Raw data ::
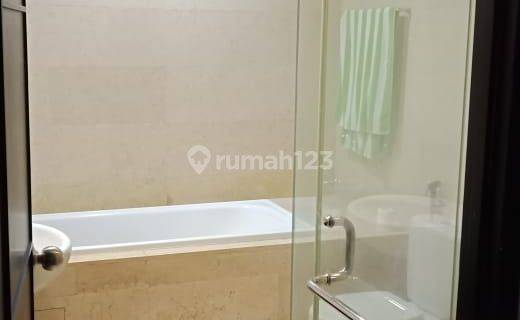 Sewa Apartement Essence Darmawangsa 3 BR 302m2 Unfurnished Bagus 1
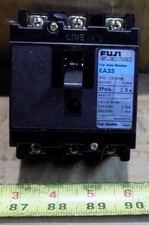 FUJI ELECTRIC EA33 auto breaker 3 pole 10 Amp 220-415 VAC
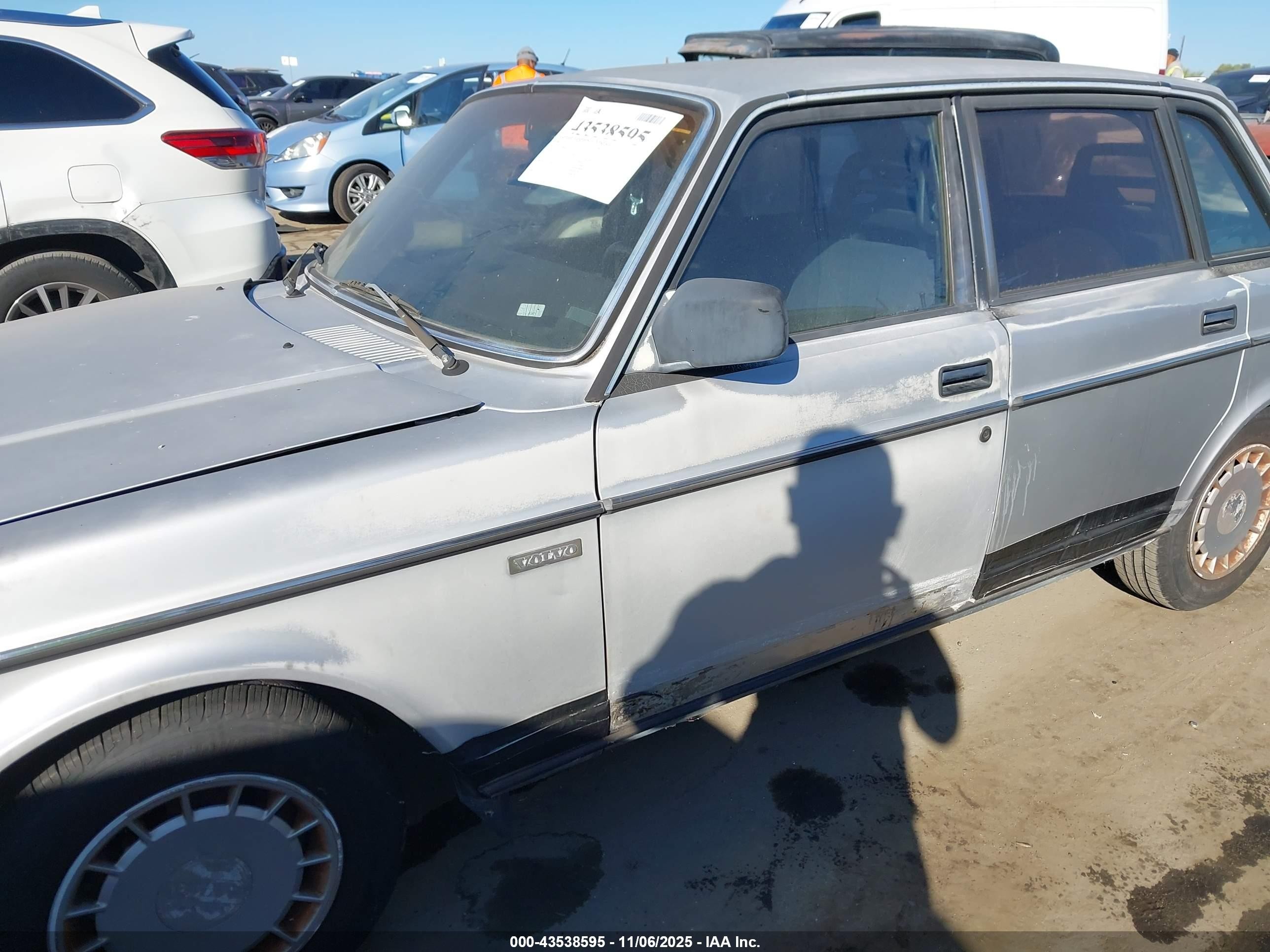 1990 Volvo 240 Dl Silver vin: YV1AA8848L1424672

Your instructions ::
Exclude all images and return the listing word for word.

Answer to the problem ::
 Sewa Apartement Essence Darmawangsa 3 BR 302m2 Unfurnished Bagus 1
 FUJI ELECTRIC EA33 auto breaker 3 pole 10 Amp 220-415 VAC
 1990 Volvo 240 Dl Silver vin: YV1AA8848L1424672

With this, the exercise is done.